Assignment:
Each line of the data below from the one holding "G12 (RED) 1 kg" to the one holding "Dracula Rope Necklace", inclusive, is to be reproduced exactly; no other line belongs in the answer.
□ □ □ □ □ □ □
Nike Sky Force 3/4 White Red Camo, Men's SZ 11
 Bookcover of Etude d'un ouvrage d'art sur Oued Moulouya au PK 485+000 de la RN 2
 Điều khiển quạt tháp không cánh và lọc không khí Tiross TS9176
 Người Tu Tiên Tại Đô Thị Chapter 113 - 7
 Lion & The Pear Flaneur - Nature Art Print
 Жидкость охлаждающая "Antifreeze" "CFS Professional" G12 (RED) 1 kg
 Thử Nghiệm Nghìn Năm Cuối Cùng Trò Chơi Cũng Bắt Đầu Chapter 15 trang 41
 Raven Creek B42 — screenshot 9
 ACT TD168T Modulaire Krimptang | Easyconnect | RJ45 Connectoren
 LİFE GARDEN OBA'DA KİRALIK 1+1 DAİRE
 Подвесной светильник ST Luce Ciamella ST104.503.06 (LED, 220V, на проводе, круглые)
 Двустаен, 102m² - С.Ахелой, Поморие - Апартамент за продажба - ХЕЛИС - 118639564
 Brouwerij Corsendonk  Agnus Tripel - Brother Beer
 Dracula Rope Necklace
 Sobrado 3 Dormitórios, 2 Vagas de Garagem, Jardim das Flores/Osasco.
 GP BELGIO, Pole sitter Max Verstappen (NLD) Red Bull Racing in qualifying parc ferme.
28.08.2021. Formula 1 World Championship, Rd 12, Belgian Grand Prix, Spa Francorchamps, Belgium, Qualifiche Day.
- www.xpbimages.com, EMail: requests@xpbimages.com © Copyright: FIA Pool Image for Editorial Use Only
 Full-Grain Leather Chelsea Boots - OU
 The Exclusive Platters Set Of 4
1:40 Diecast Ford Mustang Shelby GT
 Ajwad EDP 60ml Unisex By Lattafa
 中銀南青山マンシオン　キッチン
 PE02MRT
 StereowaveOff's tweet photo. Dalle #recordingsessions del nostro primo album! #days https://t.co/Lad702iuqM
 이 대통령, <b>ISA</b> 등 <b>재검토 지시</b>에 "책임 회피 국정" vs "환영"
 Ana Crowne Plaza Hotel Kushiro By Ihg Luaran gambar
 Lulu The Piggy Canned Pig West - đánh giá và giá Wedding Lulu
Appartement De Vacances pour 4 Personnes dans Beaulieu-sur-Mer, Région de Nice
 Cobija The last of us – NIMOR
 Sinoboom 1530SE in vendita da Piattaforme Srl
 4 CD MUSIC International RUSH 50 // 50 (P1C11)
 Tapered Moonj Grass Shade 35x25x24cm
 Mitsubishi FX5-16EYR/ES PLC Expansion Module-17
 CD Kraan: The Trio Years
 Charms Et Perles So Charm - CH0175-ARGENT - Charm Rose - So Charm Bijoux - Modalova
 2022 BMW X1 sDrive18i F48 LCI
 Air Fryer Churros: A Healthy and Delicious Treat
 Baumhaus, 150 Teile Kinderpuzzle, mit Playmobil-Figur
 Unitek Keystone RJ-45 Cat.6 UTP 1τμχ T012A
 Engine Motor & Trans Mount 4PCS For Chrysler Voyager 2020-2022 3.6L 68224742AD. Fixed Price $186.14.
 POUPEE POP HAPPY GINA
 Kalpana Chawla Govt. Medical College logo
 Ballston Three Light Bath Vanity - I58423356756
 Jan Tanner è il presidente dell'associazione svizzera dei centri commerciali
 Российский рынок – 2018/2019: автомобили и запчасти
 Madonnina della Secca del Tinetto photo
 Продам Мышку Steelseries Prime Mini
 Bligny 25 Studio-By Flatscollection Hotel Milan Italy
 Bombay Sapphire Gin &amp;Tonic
□ □ □ □ □ □ □
Response to this exercise:
 Жидкость охлаждающая "Antifreeze" "CFS Professional" G12 (RED) 1 kg
 Thử Nghiệm Nghìn Năm Cuối Cùng Trò Chơi Cũng Bắt Đầu Chapter 15 trang 41
 Raven Creek B42 — screenshot 9
 ACT TD168T Modulaire Krimptang | Easyconnect | RJ45 Connectoren
 LİFE GARDEN OBA'DA KİRALIK 1+1 DAİRE
 Подвесной светильник ST Luce Ciamella ST104.503.06 (LED, 220V, на проводе, круглые)
 Двустаен, 102m² - С.Ахелой, Поморие - Апартамент за продажба - ХЕЛИС - 118639564
 Brouwerij Corsendonk  Agnus Tripel - Brother Beer
 Dracula Rope Necklace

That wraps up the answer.